── SUPPLIED DATA ──

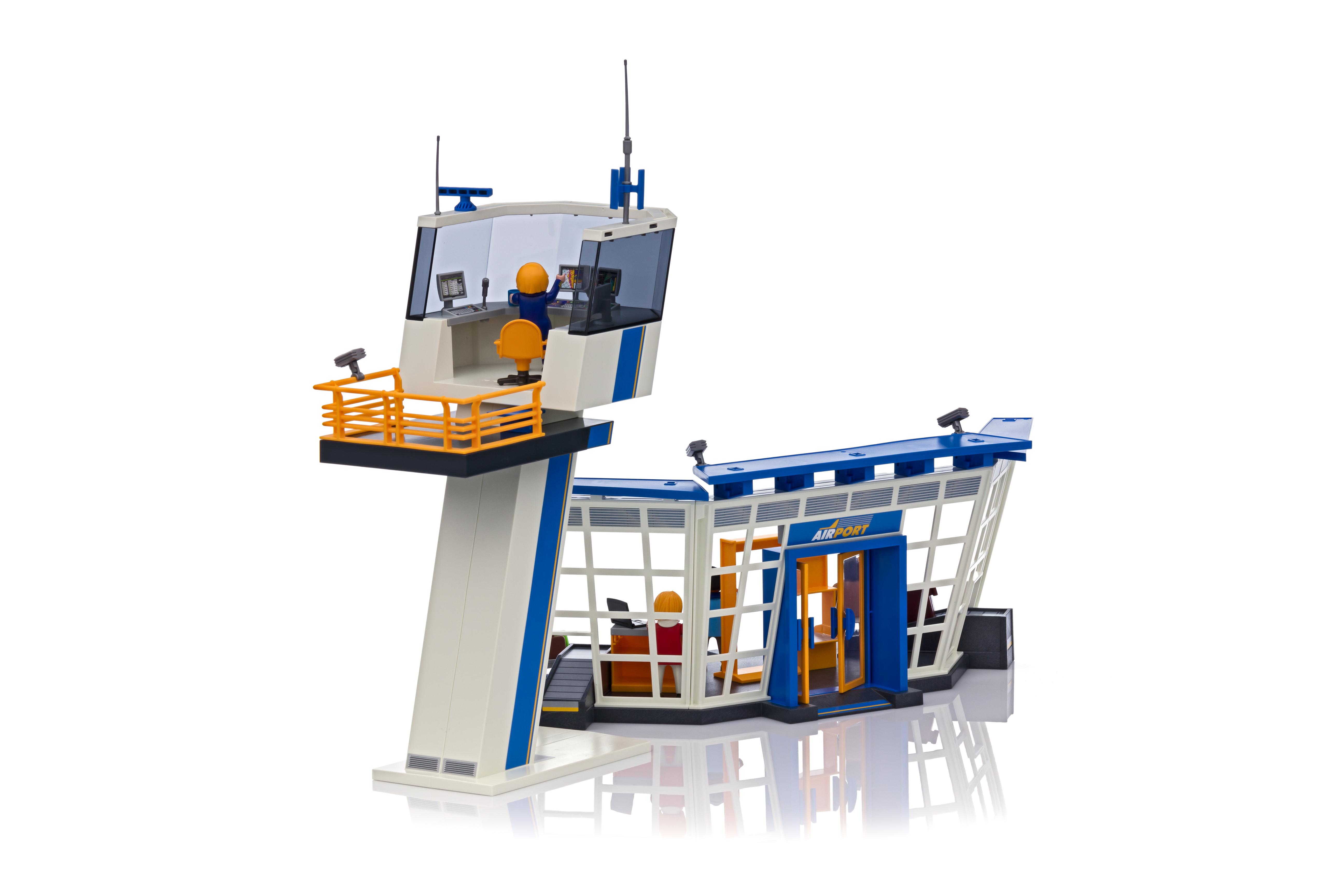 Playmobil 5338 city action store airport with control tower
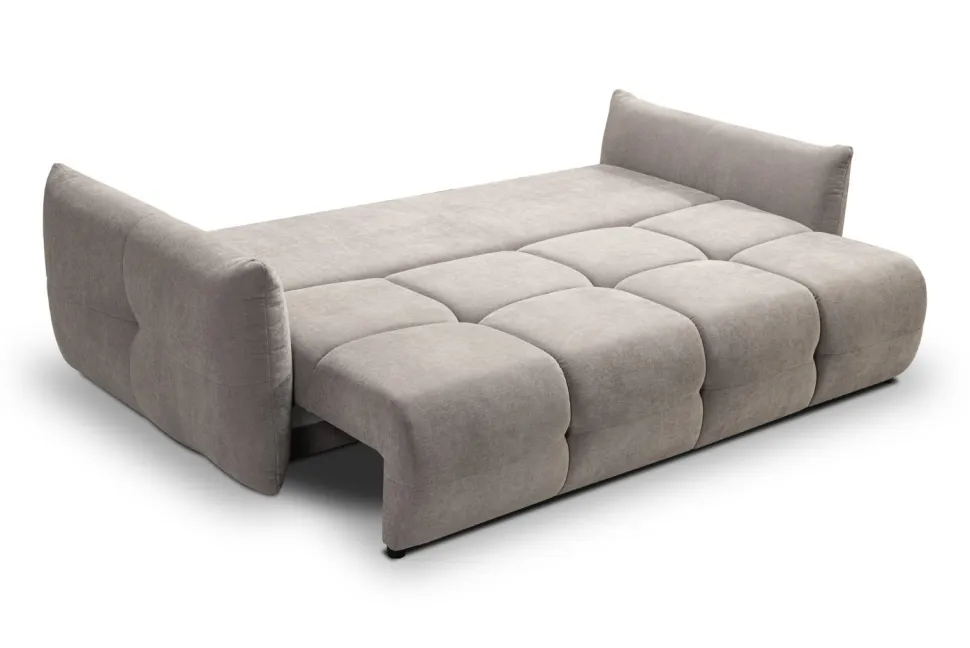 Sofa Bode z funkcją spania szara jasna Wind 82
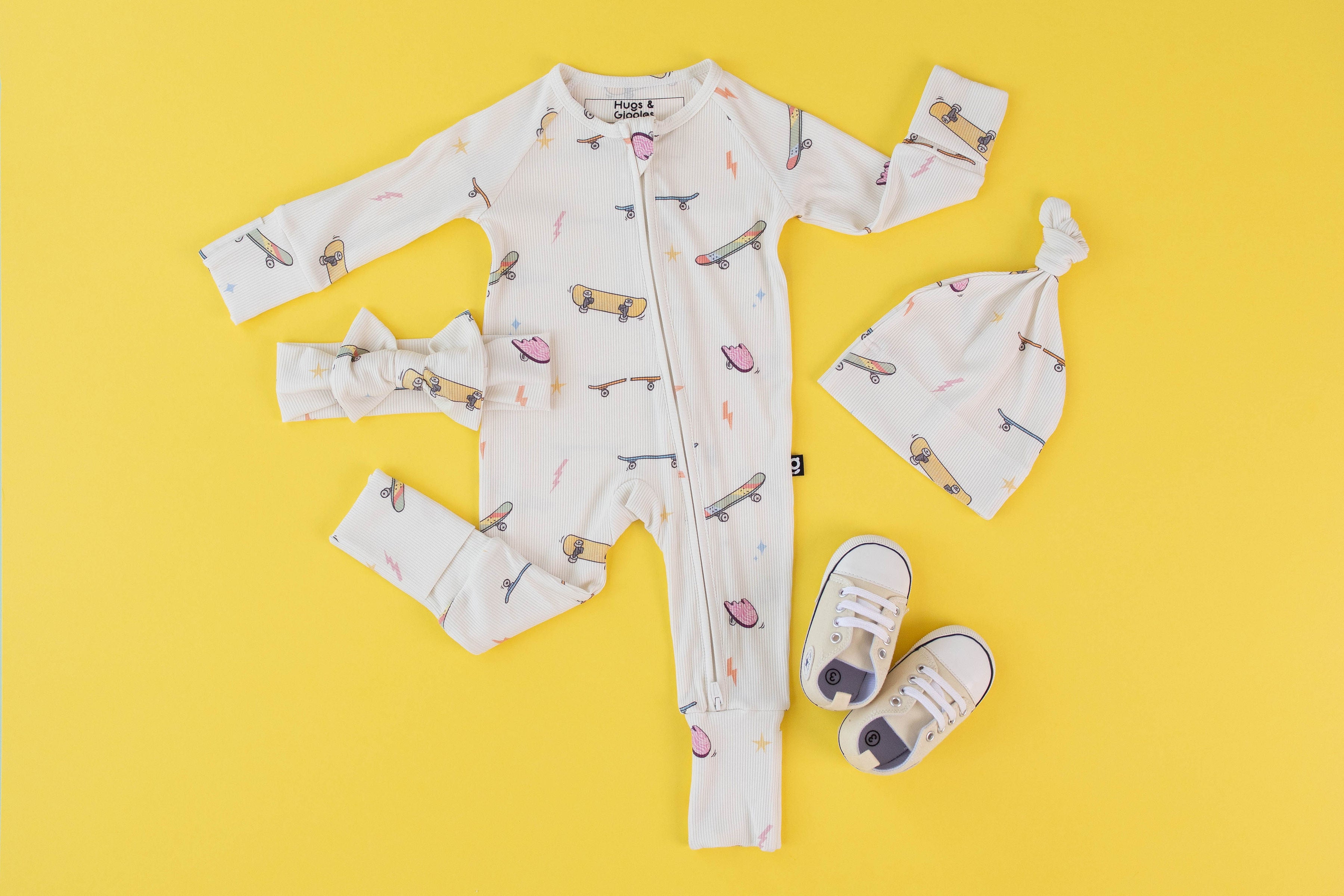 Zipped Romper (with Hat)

───

§ **AIM OF THE TASK**: When you repeat the material above, keep every word exact and leave out the pictures.

§ **WRITTEN REPLY**:
 Playmobil 5338 city action store airport with control tower
 Sofa Bode z funkcją spania szara jasna Wind 82
 Zipped Romper (with Hat)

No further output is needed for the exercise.